■ DATA SEGMENT ■
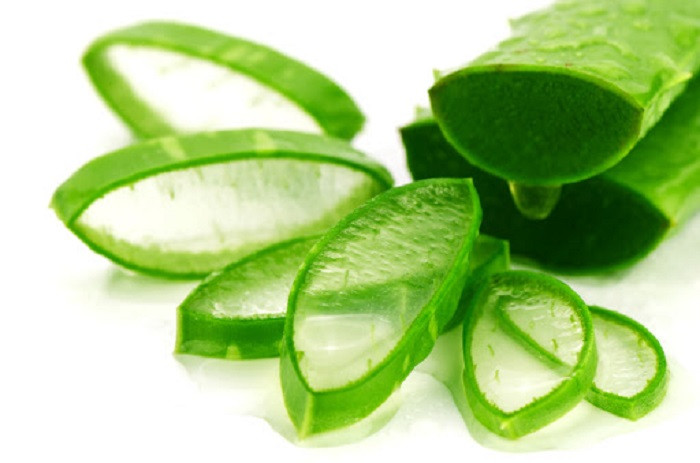 Nha đam - nguyên liệu trị mụn hiệu quả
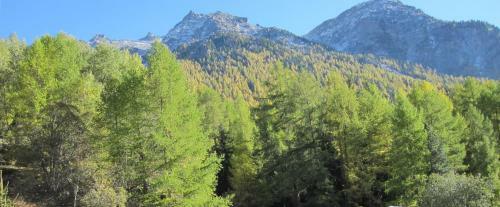 Apartamentos Waldheim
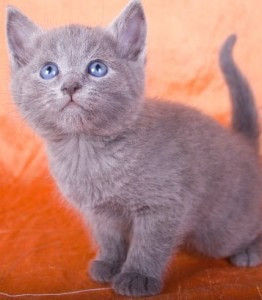 Russian Blue kittens for your home Erfurt - photo 1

■ INSTRUCTIONS FOR THE TASK ■
Print the listing exactly, minus its pictures.

■ RESPONSE BELOW ■
 Nha đam - nguyên liệu trị mụn hiệu quả
 Apartamentos Waldheim
 Russian Blue kittens for your home Erfurt - photo 1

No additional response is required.